YOUR TASK - Below are some records. Write out the line that contains "For Women #1019141" and all lines after it, exactly, but not the pictures.

#### DATA EXCERPTS

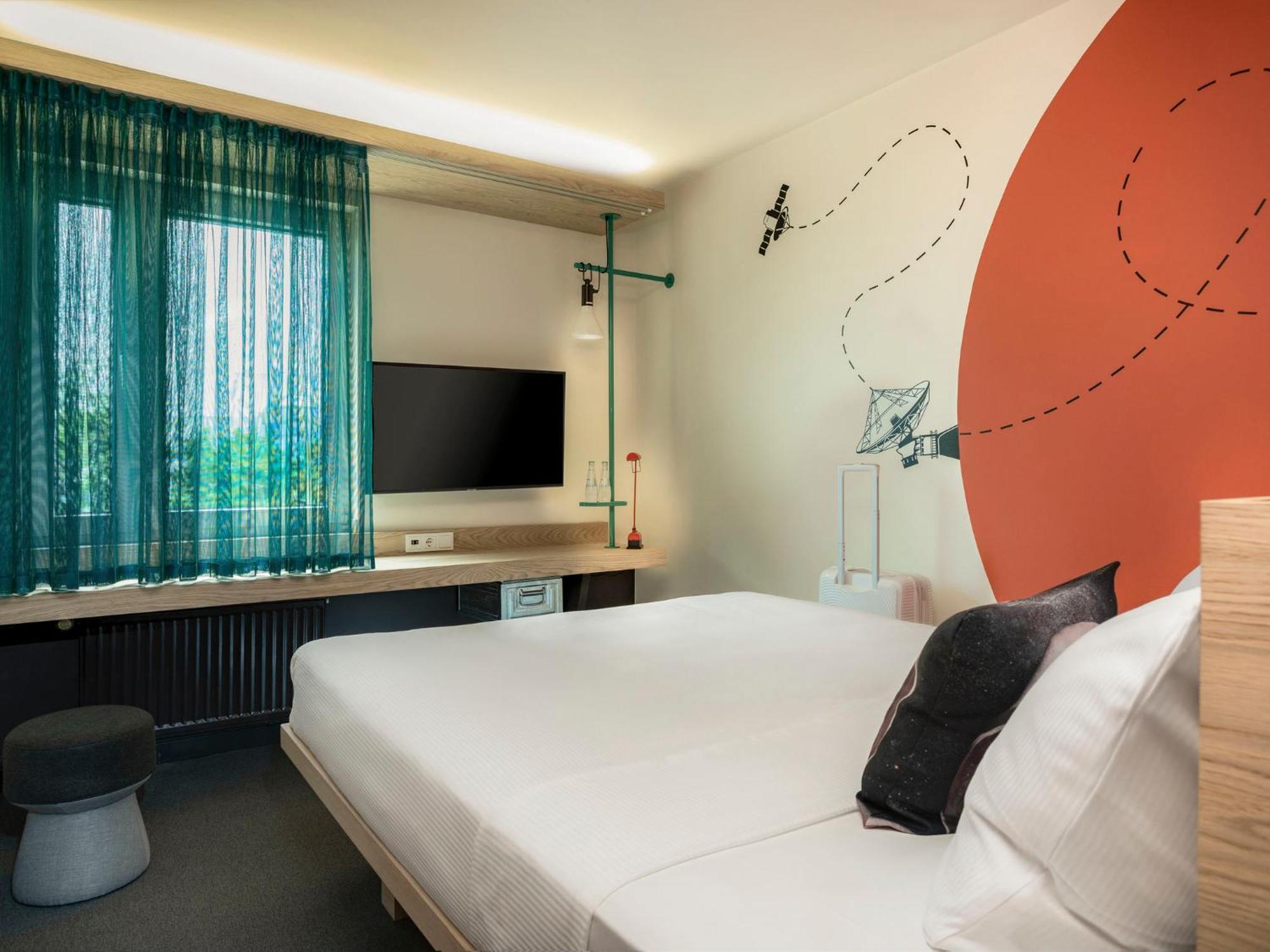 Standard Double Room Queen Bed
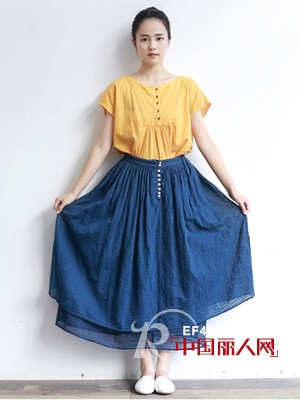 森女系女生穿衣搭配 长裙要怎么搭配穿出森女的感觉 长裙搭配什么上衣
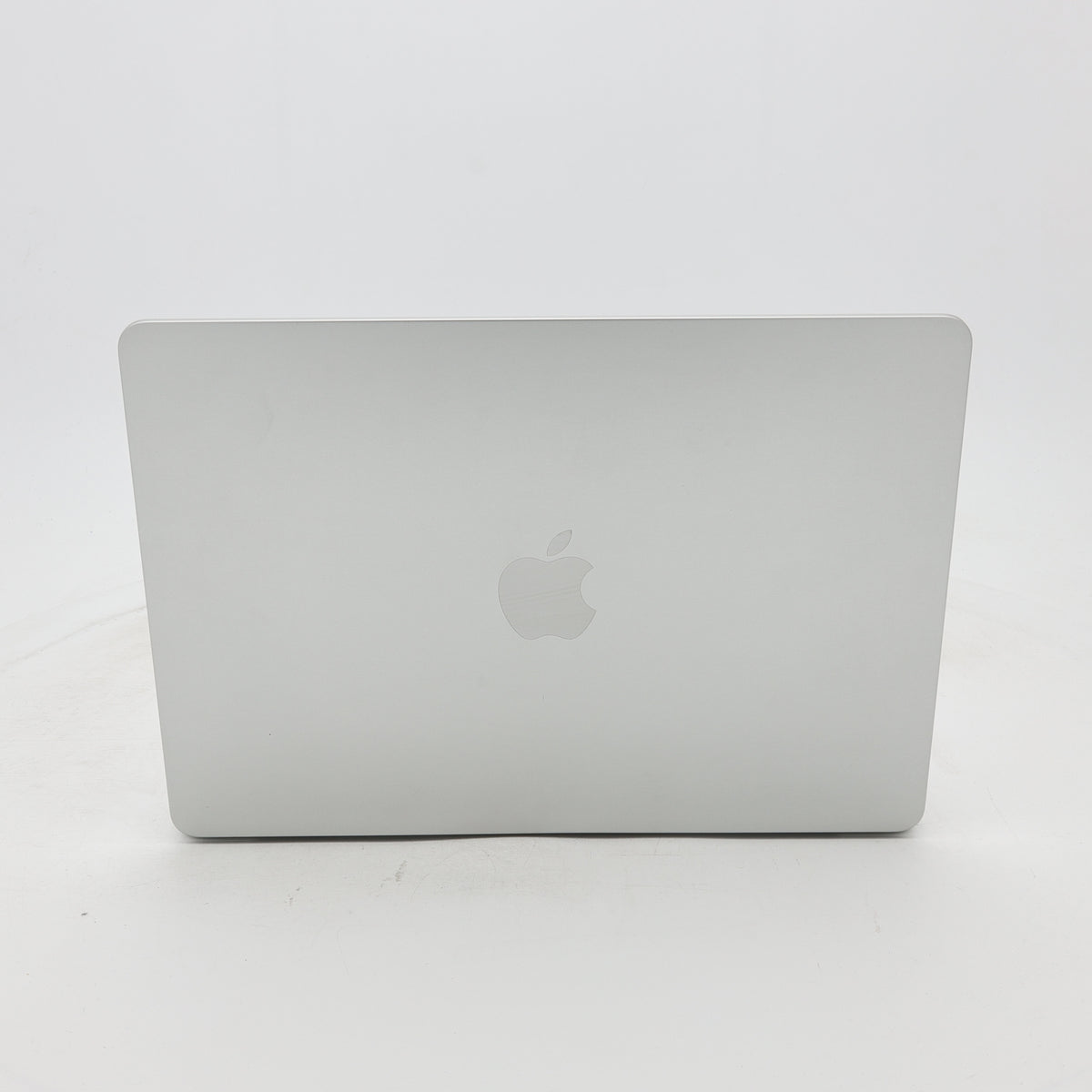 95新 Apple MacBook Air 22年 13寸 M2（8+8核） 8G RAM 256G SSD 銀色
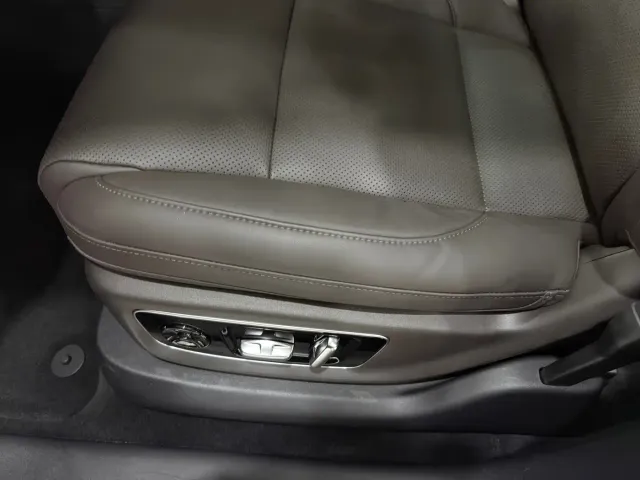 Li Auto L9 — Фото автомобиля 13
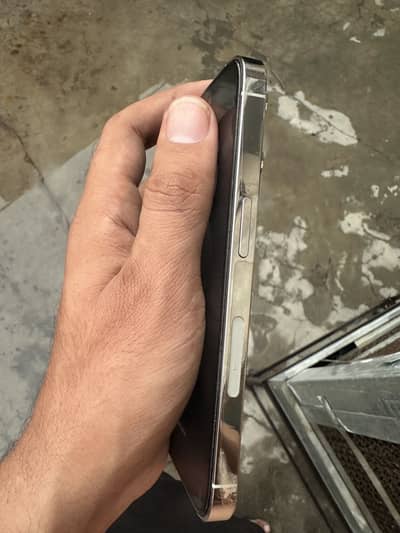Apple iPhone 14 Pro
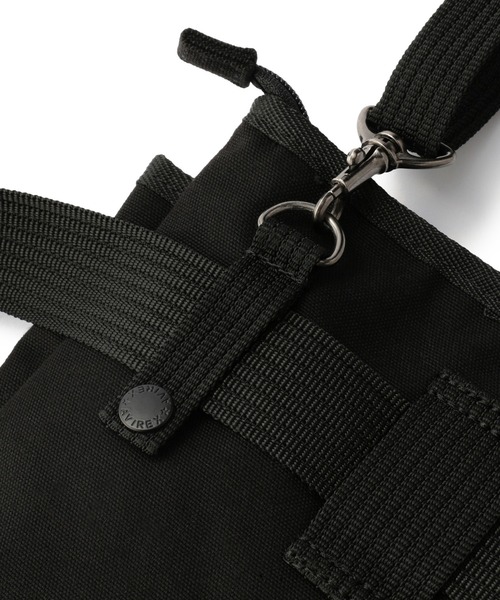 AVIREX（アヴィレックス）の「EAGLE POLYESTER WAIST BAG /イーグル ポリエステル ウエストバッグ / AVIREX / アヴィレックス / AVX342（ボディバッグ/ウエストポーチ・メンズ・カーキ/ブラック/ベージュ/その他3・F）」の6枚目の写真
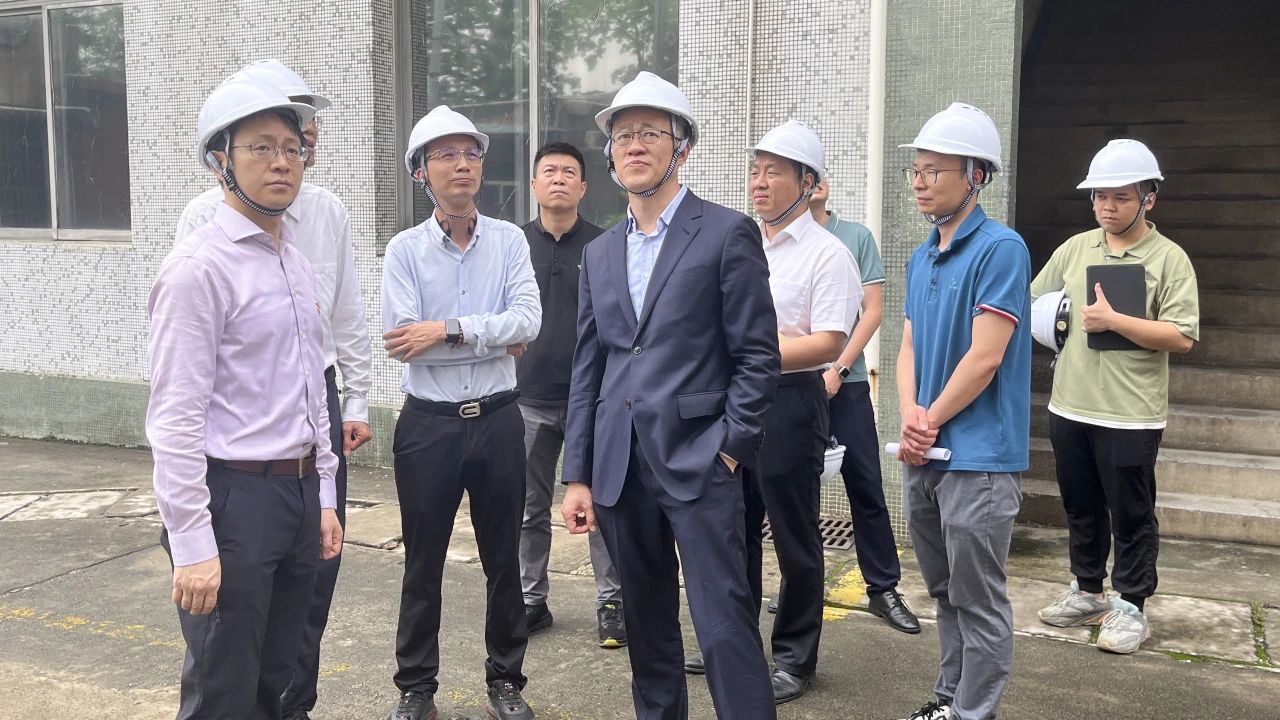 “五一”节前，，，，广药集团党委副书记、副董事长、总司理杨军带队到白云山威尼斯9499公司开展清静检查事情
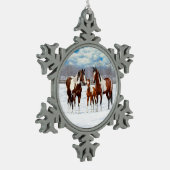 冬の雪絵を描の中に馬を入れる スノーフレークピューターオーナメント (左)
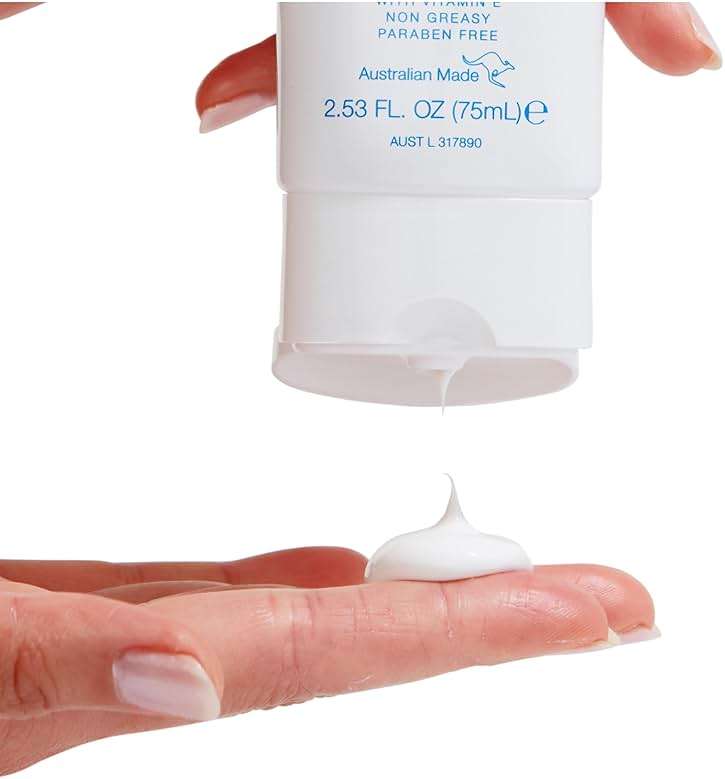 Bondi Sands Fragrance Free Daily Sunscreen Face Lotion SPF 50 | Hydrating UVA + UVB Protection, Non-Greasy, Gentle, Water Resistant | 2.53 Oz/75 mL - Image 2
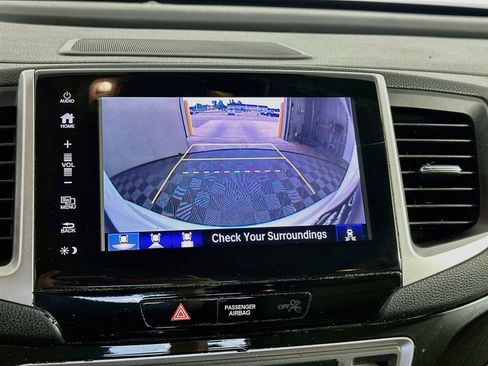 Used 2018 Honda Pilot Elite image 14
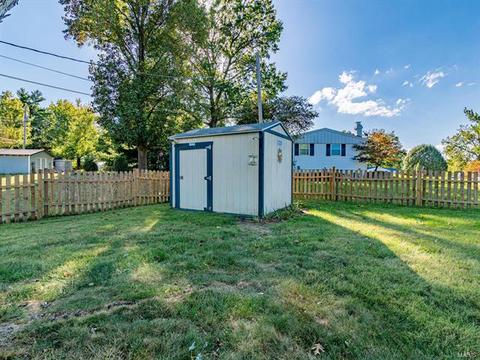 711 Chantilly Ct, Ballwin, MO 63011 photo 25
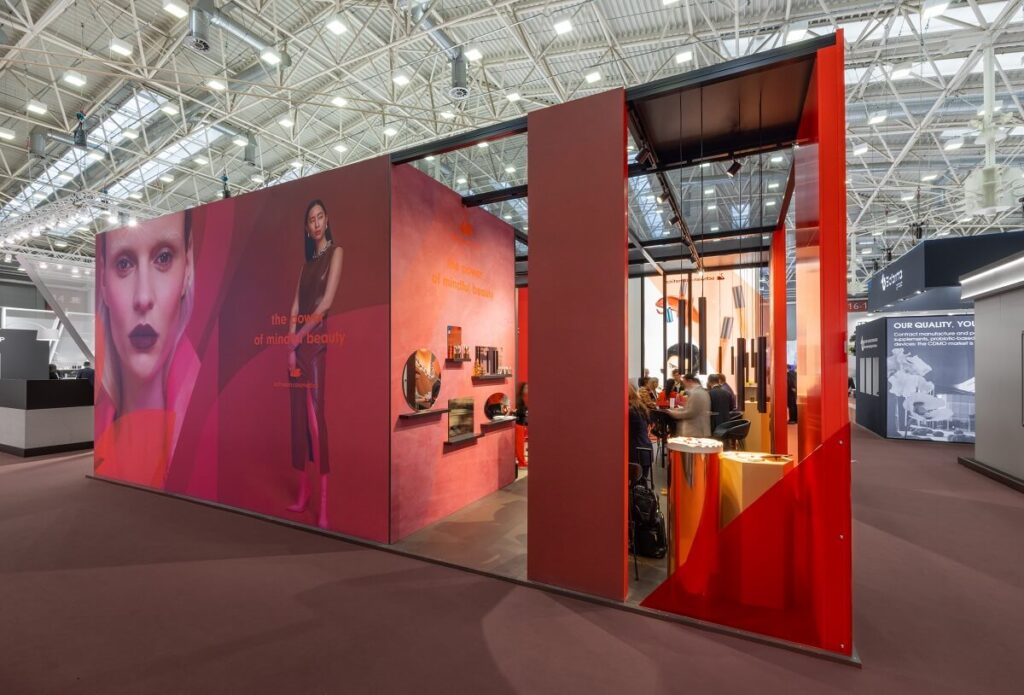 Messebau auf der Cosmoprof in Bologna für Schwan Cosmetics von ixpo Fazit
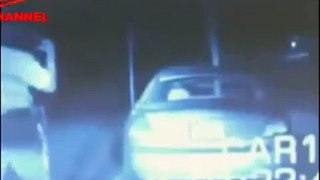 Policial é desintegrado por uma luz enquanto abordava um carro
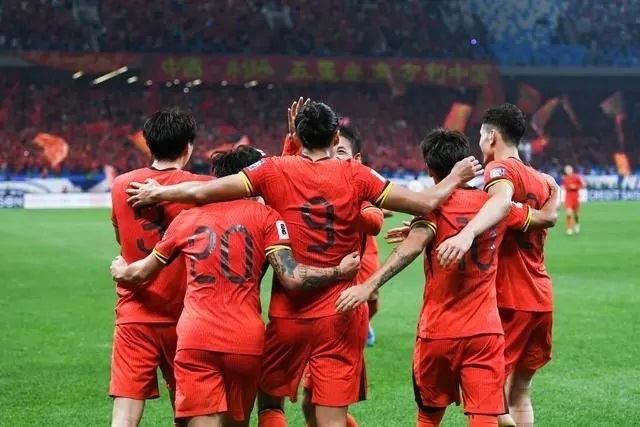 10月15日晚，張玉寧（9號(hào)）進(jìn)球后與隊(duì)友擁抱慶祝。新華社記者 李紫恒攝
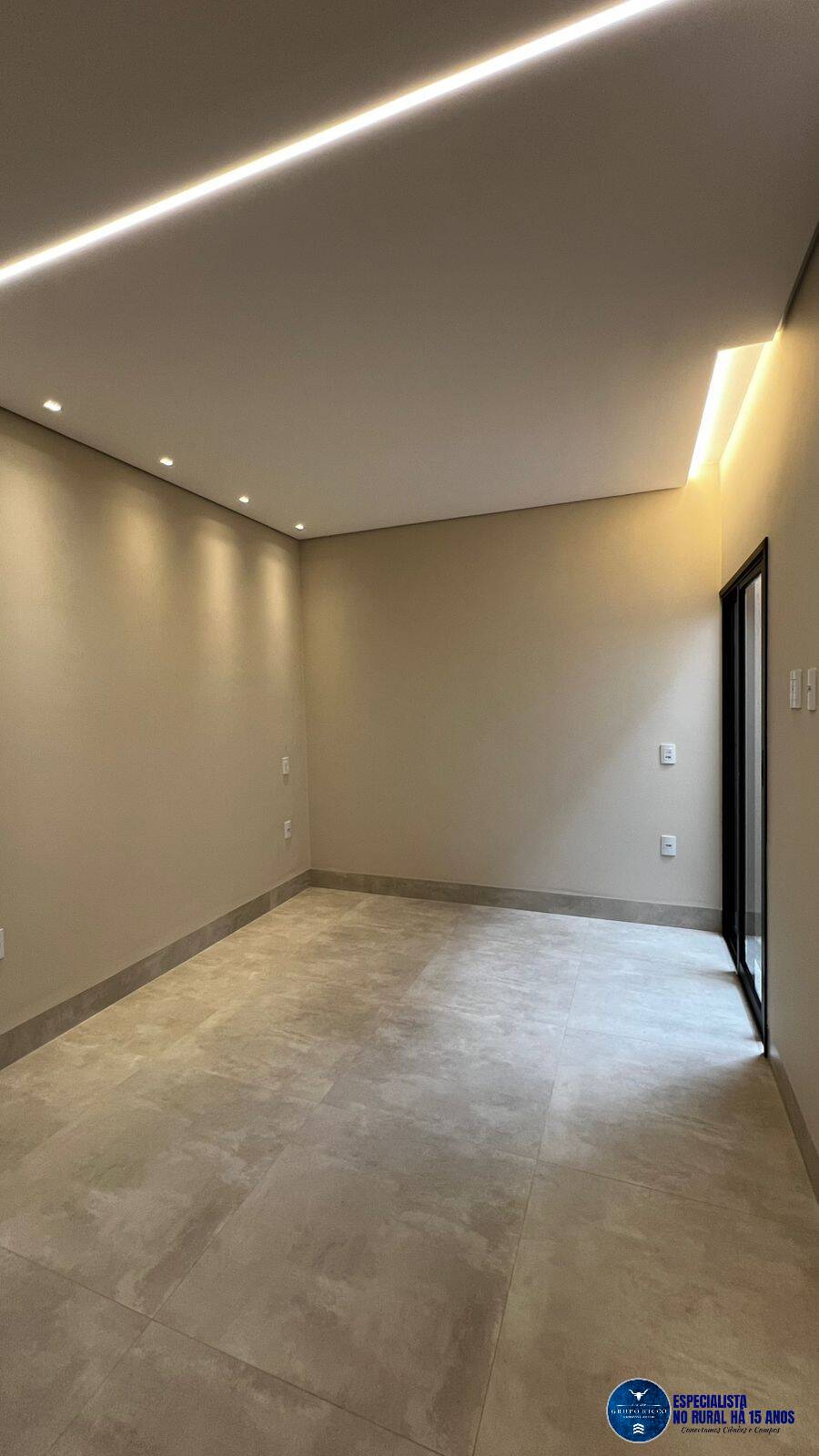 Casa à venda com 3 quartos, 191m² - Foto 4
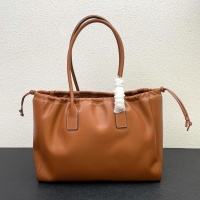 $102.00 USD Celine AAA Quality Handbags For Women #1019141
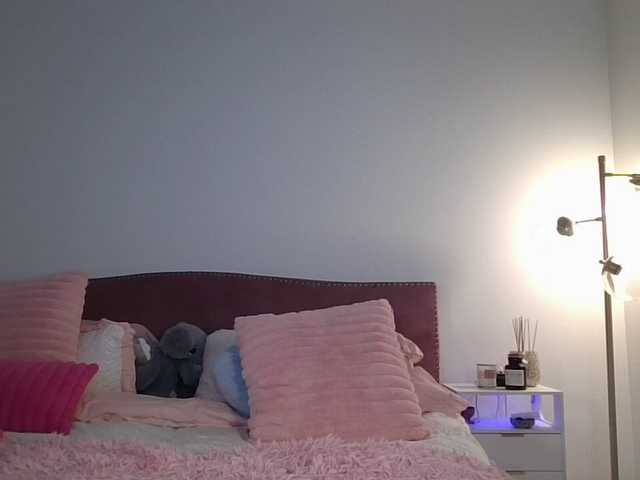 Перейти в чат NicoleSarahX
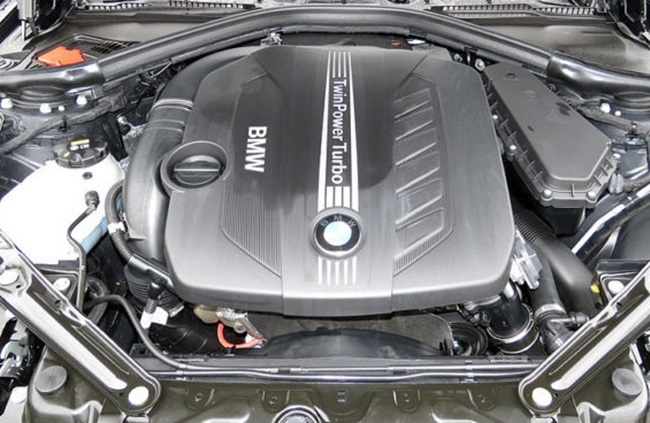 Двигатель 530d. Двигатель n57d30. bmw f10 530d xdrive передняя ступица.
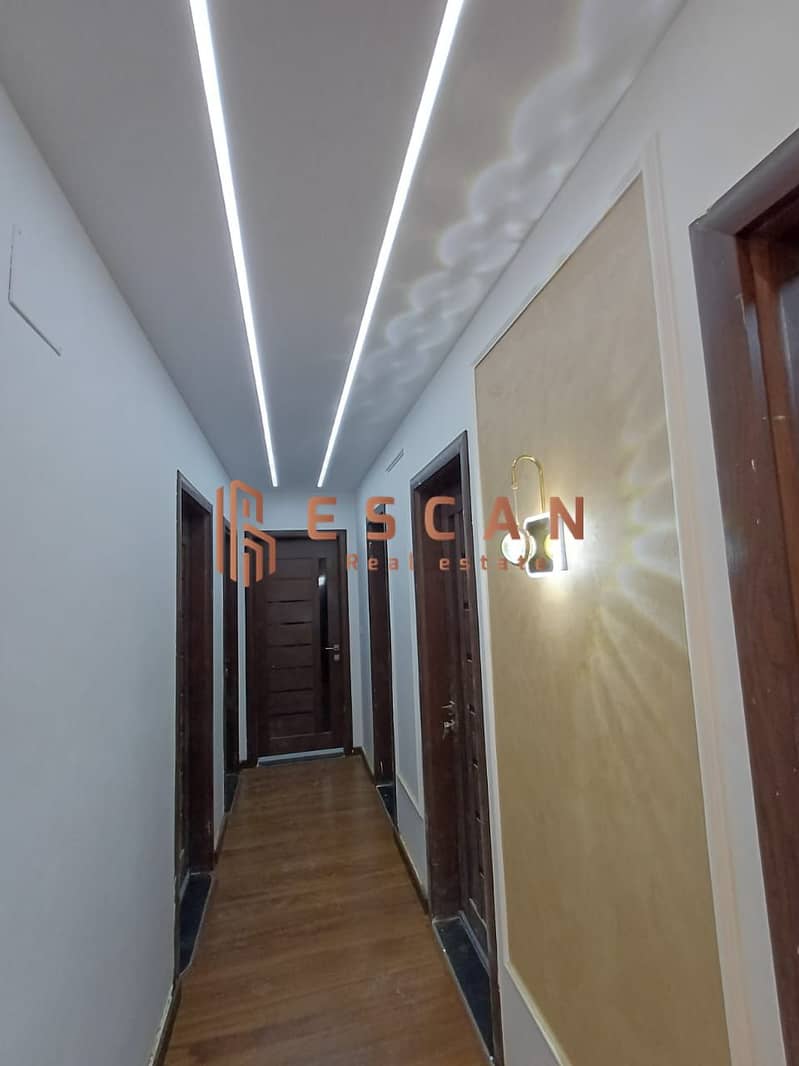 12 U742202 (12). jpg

########

ANSWER BOX -
 $102.00 USD Celine AAA Quality Handbags For Women #1019141
 Перейти в чат NicoleSarahX
 Двигатель 530d. Двигатель n57d30. bmw f10 530d xdrive передняя ступица.
 12 U742202 (12). jpg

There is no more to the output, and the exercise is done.